Saturday, 6 February 2010

Dawn in the Neotropics


From top: Black-and-white Owl, Grey Hawk, Violaceous Trogon, Painted Bunting and Orchard Oriole.

Yesterday seems like a long time ago. Two flights, more than 14 hours in the air and the most appalling in-flight food in a long time have been forgotten. Well, almost. Laurens Steijn, Bill Oddie and I arrived late in the afternoon in Guatemala City - later than planned, thanks to the airline, so our first attempt at birding in Central America amounted to no more than watching Great-tailed Grackles go to roost and lucking in on two Lesser Nighthawks hunting insects over the lights at a roadside petrol station.

This morning was different. Something else entirely, in fact. I was up early at 4 am, running on a mixture of adrenaline, anticipation and jetlag, and finally we met for coffee at 6 am as the sun set the sky above the Guatemalan highlands dimly aglow. Waking up in the tropics is a fantastic feeling, and within minutes of going outside birds were on the move.
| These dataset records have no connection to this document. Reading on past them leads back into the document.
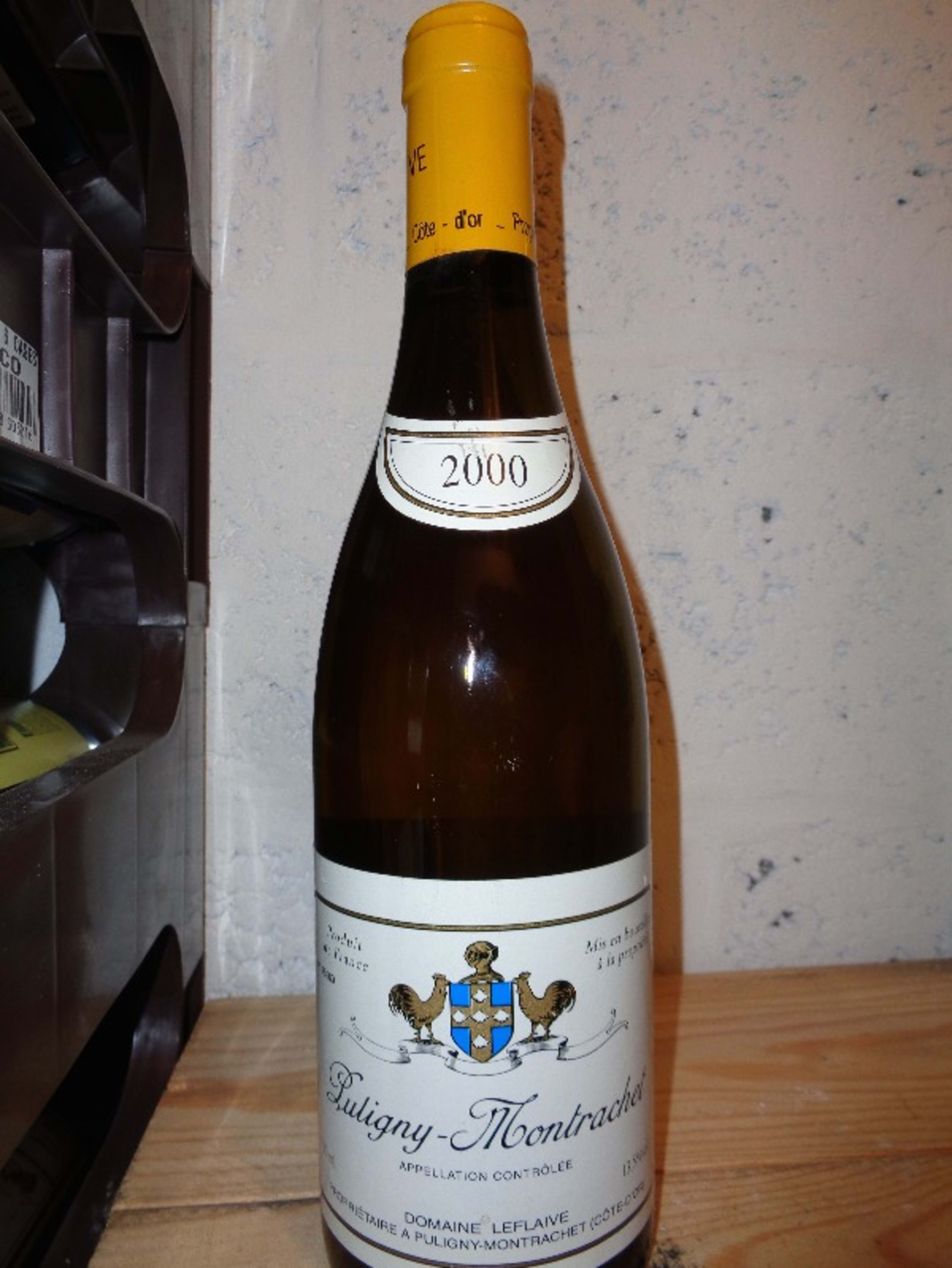 Puligny-Montrachet, Domaine Anne Claude Leflaive, 2000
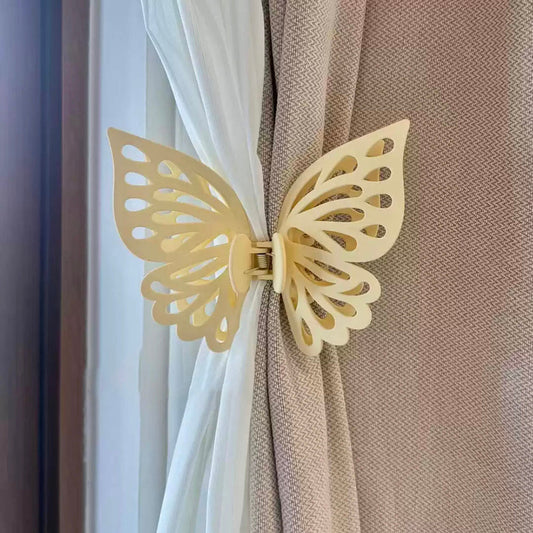 Large Butterfly Curtain Clip - Bedroom Living Room Window Curtain Home Decor Accessory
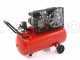 Fini Advanced MK 102 N 90 2M - Compressore aria elettrico monofase a cinghia - Motore 2 HP - 90 lt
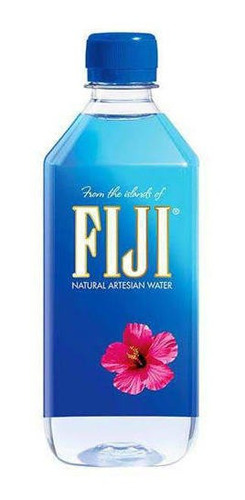 Agua Fiji 6 Botellas 500ml Artesian Water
Swelled in numbers by other members of the international brigade attending the country's sixth 'birdwatching encounter', we headed into the private forest reserve at Los Tarrales.

Over the course of the next few hours neck-ache set in as we got to grips with everything from Collared Aracari, Lineated Woodpecker and Yellow-winged Tanager to a wealth of wintering warblers, vireos and flycatchers. There were too many highlights to list here, though a fabulous Black-and-white Owl in broad daylight takes some beating as bird of the day. It retained the title for a whole four hours, until arriving at tonight's hotel, on the shores of Lake Atitlan, when we found a Prevost's Ground Sparrow just outside the restaurant. If you don't know why that wins, punch it in to Google images and see for yourself.

I haven't finished the day list yet, but it's likely to be more than 100 species, all largely in the same upland forest and forest edge habitat - amazing diversity for such a small area. Tomorrow will see another dawn start as we ascent Atitlan Volcano on foot for a chance of that true Neotropic enigma, Horned Guan. Wish us luck.